WHAT IS EXPECTED:
Find the line holding "4 Bedroom Private" in the entries below. Give it again exactly, along with every line after it up to and including the line holding "Snapshot of KissMeJulia".
===== SOURCE RECORDS
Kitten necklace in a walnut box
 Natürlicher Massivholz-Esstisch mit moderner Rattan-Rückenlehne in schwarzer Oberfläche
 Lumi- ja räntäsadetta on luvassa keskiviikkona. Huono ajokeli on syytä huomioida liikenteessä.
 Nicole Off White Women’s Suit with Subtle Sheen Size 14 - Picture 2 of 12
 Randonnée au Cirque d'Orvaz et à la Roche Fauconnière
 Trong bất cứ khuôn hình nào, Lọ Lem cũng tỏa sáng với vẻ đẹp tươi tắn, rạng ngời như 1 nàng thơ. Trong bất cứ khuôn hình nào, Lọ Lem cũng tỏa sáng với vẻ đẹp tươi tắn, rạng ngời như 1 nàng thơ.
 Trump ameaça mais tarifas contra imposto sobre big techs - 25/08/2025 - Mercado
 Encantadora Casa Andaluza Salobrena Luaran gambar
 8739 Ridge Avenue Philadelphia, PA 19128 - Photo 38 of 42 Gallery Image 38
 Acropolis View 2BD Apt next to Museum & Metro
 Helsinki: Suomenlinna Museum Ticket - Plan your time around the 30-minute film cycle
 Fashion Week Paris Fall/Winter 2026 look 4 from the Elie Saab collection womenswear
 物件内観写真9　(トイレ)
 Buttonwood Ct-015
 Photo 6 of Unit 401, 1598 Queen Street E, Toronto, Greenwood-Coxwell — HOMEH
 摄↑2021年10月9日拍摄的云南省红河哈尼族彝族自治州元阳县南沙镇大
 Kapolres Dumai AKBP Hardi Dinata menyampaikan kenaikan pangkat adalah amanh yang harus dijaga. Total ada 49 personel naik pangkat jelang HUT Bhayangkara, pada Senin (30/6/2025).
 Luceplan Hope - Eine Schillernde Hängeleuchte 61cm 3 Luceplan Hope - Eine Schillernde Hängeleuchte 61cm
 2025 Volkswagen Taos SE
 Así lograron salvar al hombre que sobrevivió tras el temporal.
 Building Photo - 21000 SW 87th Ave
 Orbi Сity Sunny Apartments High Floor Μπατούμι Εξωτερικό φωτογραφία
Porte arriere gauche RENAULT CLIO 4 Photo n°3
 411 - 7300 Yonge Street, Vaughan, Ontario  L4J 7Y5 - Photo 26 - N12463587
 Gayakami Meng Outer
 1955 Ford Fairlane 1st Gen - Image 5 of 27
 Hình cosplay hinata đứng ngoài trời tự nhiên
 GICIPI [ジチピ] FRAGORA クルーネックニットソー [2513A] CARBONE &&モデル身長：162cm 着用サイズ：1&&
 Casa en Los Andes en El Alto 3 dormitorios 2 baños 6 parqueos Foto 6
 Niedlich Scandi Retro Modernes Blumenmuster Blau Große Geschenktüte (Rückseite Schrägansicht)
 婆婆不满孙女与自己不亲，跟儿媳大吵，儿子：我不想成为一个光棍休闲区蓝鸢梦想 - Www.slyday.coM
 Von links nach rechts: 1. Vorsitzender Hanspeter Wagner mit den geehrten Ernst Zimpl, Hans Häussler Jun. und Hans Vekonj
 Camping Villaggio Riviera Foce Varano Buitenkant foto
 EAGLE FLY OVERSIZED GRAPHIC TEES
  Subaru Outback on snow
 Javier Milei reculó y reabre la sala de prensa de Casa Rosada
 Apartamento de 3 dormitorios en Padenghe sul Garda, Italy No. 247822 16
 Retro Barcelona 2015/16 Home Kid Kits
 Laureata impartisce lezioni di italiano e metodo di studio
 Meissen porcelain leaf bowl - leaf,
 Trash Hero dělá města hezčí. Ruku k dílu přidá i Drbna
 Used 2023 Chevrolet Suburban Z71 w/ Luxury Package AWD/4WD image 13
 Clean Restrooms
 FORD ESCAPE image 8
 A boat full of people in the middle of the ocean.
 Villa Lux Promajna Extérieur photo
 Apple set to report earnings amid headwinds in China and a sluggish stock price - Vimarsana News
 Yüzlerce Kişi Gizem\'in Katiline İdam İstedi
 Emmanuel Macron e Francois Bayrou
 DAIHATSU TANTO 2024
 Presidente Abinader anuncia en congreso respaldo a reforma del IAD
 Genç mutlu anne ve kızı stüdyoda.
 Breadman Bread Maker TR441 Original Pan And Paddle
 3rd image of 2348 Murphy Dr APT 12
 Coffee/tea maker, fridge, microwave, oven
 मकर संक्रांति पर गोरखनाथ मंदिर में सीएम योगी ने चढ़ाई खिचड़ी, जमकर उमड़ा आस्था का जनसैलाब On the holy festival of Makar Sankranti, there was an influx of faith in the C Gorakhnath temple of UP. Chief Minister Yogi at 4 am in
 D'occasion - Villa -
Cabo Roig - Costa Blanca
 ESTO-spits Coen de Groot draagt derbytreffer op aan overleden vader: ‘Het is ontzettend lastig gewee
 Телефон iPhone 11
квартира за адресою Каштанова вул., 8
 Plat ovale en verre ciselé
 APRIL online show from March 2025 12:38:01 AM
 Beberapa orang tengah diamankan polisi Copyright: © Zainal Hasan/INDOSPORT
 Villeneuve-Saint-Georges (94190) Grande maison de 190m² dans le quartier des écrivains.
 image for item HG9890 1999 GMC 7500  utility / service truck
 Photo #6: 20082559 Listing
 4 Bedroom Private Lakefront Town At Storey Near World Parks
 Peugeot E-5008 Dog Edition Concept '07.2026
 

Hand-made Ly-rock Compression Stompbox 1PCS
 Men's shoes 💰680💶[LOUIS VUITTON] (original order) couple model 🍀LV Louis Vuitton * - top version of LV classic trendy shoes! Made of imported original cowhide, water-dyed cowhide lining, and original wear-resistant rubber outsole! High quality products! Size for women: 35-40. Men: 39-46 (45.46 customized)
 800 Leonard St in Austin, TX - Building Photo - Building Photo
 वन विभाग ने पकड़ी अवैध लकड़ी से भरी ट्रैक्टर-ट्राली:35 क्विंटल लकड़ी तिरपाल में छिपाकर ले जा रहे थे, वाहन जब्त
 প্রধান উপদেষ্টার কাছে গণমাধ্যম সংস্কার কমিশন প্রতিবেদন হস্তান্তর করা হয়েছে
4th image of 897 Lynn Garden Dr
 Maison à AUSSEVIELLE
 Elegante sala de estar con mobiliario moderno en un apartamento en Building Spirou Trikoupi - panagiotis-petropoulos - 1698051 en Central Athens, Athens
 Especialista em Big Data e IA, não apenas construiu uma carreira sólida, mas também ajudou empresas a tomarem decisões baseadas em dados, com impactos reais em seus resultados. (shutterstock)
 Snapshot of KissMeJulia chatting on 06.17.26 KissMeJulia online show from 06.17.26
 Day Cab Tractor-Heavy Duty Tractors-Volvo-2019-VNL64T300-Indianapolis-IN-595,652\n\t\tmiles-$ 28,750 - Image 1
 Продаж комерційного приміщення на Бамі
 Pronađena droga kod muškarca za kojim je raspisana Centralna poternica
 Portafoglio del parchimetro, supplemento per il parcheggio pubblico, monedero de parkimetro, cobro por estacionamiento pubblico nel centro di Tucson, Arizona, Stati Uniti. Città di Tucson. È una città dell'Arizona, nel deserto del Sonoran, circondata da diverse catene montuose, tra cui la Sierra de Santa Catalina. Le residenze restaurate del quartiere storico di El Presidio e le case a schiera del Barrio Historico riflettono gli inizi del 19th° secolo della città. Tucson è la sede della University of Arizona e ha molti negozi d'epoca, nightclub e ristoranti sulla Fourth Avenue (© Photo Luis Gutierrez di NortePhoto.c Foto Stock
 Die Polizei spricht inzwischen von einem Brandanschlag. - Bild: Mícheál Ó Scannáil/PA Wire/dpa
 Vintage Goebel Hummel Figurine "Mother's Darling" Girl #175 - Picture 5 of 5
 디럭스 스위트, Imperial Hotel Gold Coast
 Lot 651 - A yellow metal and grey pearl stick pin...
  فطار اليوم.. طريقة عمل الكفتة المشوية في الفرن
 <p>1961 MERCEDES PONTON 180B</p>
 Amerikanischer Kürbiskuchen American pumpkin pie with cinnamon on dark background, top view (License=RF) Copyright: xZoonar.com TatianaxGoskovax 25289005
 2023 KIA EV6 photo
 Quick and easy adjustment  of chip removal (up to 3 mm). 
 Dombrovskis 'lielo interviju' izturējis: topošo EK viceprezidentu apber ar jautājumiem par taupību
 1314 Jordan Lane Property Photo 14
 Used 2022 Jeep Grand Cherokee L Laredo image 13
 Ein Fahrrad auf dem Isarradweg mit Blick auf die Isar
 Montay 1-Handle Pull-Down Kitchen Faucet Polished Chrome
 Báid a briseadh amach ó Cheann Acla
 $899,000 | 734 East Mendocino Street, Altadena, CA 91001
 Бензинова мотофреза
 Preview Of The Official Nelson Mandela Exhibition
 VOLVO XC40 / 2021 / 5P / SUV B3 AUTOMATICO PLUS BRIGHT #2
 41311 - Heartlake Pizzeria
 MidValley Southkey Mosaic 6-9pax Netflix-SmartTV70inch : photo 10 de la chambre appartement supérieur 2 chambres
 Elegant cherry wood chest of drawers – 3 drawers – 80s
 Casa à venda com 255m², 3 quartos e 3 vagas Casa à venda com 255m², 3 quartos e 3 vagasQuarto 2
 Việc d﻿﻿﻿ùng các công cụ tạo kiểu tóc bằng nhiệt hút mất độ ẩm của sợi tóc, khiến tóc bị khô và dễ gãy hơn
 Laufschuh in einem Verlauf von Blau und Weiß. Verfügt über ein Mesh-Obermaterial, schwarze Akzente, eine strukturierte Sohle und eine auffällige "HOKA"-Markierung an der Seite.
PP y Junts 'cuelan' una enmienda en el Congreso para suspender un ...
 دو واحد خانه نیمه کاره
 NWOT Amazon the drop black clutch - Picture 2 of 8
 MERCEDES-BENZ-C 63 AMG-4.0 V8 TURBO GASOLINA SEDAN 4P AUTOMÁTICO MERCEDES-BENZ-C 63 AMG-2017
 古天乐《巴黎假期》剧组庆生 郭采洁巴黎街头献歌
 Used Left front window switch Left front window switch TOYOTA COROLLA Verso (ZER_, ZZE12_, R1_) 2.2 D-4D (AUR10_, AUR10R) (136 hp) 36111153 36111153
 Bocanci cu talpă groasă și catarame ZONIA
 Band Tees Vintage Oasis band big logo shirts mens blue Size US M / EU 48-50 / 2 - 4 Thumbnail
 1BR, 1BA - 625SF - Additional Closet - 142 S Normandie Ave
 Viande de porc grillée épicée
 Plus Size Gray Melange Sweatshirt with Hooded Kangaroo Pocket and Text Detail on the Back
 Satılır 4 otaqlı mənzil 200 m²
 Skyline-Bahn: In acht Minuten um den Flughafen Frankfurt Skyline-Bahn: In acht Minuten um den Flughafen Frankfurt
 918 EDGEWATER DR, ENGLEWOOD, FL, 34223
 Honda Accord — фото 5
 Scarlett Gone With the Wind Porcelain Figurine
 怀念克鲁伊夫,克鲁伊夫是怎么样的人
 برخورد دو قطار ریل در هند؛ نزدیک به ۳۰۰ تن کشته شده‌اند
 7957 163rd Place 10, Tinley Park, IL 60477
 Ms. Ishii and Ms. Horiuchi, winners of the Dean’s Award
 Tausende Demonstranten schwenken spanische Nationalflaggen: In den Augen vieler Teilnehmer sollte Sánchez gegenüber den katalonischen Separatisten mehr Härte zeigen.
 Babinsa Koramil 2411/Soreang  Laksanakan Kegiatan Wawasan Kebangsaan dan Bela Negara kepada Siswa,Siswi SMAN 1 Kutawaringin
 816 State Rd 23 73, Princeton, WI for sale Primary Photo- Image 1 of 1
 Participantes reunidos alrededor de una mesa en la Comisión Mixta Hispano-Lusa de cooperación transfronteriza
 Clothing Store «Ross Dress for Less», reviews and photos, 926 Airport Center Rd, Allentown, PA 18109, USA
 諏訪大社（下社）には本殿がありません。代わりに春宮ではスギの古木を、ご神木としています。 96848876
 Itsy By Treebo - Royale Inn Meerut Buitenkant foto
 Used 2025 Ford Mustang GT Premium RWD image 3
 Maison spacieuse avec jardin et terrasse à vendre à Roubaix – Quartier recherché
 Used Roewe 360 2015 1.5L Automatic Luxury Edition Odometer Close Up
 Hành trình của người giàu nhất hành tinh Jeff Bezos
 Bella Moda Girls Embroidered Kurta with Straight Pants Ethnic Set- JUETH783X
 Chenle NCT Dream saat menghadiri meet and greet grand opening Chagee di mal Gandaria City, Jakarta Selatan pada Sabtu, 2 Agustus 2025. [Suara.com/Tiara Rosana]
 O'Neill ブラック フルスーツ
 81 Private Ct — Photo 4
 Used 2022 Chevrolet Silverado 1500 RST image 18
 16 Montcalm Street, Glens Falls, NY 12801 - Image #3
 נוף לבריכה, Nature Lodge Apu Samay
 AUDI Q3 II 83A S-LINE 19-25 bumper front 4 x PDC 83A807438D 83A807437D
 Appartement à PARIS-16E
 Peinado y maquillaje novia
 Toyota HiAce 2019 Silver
==========
EXPECTED ANSWER:
 4 Bedroom Private Lakefront Town At Storey Near World Parks
 Peugeot E-5008 Dog Edition Concept '07.2026
 

Hand-made Ly-rock Compression Stompbox 1PCS
 Men's shoes 💰680💶[LOUIS VUITTON] (original order) couple model 🍀LV Louis Vuitton * - top version of LV classic trendy shoes! Made of imported original cowhide, water-dyed cowhide lining, and original wear-resistant rubber outsole! High quality products! Size for women: 35-40. Men: 39-46 (45.46 customized)
 800 Leonard St in Austin, TX - Building Photo - Building Photo
 वन विभाग ने पकड़ी अवैध लकड़ी से भरी ट्रैक्टर-ट्राली:35 क्विंटल लकड़ी तिरपाल में छिपाकर ले जा रहे थे, वाहन जब्त
 প্রধান উপদেষ্টার কাছে গণমাধ্যম সংস্কার কমিশন প্রতিবেদন হস্তান্তর করা হয়েছে
4th image of 897 Lynn Garden Dr
 Maison à AUSSEVIELLE
 Elegante sala de estar con mobiliario moderno en un apartamento en Building Spirou Trikoupi - panagiotis-petropoulos - 1698051 en Central Athens, Athens
 Especialista em Big Data e IA, não apenas construiu uma carreira sólida, mas também ajudou empresas a tomarem decisões baseadas em dados, com impactos reais em seus resultados. (shutterstock)
 Snapshot of KissMeJulia chatting on 06.17.26 KissMeJulia online show from 06.17.26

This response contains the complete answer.